Wertheim

Gesundheit Erste Hilfe auch zu Zeiten der Pandemie wichtig / Johanniter im Main-Tauber-Kreis geben Tipps

Auf Eigenschutz bedacht sein

Archivartikel

Erste Hilfe rettet Leben - auch während der Corona-Pandemie. Doch dabei gilt es einiges zu beachten.
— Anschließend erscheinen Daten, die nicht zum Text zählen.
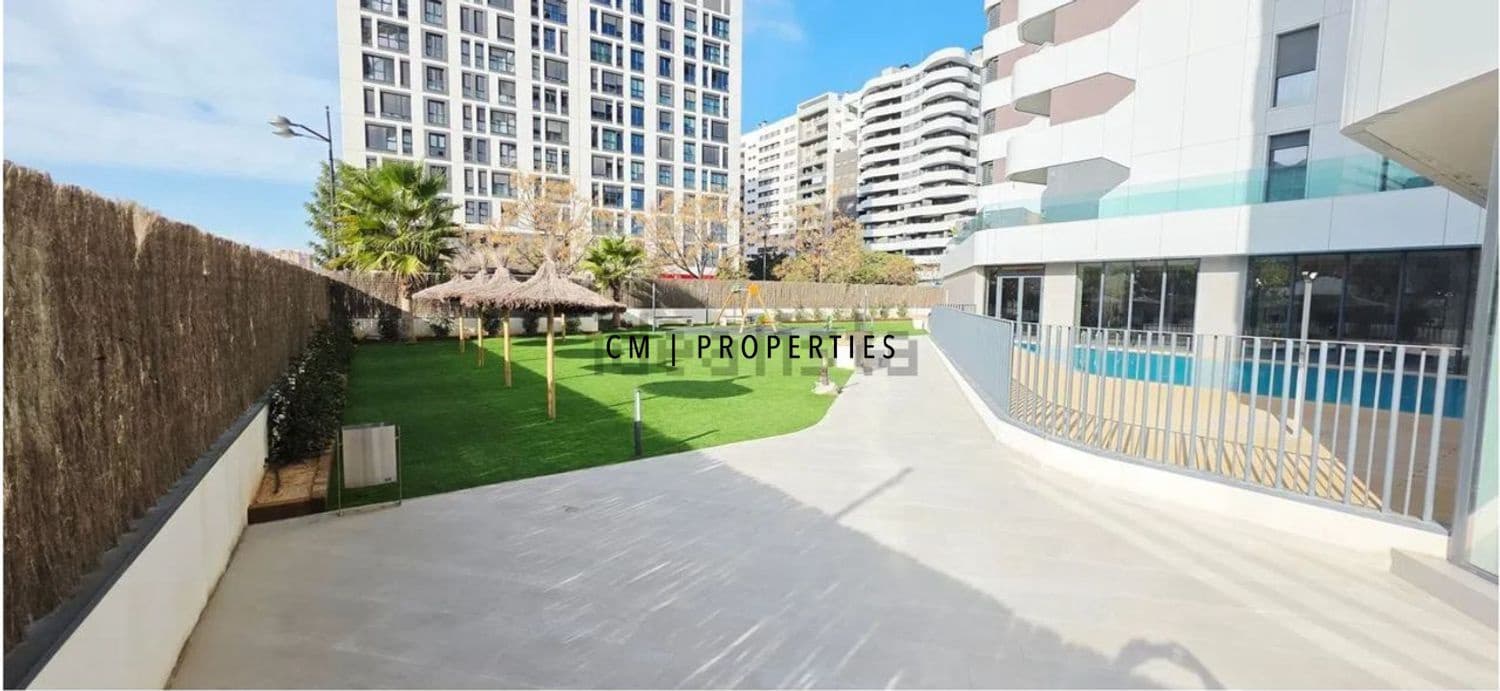 3 bedroom Flat for rent in Valencia city with pool garage - € 2,500 (Ref: 9895147)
Wertheim/Main-Tauber-Kreis. In Corona-Zeiten sind viele Menschen sehr besorgt um ihre eigene Gesundheit und wollen sich selbst schützen. Aber wie kann man in einem Notfall helfen, ohne sich selbst unnötig zu gefährden und eine Ansteckung mit Covid-19 zu riskieren? Besonders die Mund-zu-Mund-Beatmung während der Herz-Lungen-Wiederbelebung steht in der aktuellen Corona-Pandemie zur Diskussion.

„Grundsätzlich sollte jeder Mensch immer Erste Hilfe leisten“, sagt Stefan Dosch, Kreisvorstand der Johanniter im Main-Tauber-Kreis. Einen Notruf abzusetzen, ist das Minimum im Notfall. Das gilt genauso während der Corona-Pandemie. „Der Ersthelfer sollte dabei jedoch immer auf seinen Eigenschutz achten und sich selbst nicht in Gefahr begeben.“

Ist der Verletzte an Corona erkrankt oder der Ersthelfer ist sich unsicher, kann aktuell auf die Beatmung verzichtet werden. Andrea Wunderlich, Sachgebietsleitung Erste-Hilfe in Wertheim erklärt: „Sie setzen den Notruf ab und führen anschließend ununterbrochen die Herzdruckmassage durch.“

Risiko minimieren

Gleichzeitig kann das Gesicht des Betroffenen mit einem Tuch oder einem Kleidungsstück abgedeckt werden, um das Risiko einer Tröpfcheninfektion zu minimieren.

Laut der Arbeitsgemeinschaft der Notärzte in Nordrhein-Westfalen (AGNNW) treten mehr als 60 Prozent der Herz-Kreislauf-Stillstände zuhause auf. In vielen Fällen sind die Ersthelfer dann Familienmitglieder oder andere nahe stehende Personen, die das Risiko einer möglichen Ansteckung in der Regel besser einschätzen können als eine fremde Person. „Wenn möglich, sollte der Helfer neben der Herzdruckmassage, auch die Atemspende geben“, so Wunderlich weiter.

Falls der Ersthelfer selbst zur Corona-Risikogruppe gehört, können andere Personen ermuntert werden, Hilfe zu leisten. „Ist niemand in der Nähe, versuchen Sie, so gut es geht und mit angemessenen Sicherheitsabstand zu helfen“, empfiehlt Wunderlich. Ein Notruf sollte in jedem Fall abgesetzt werden.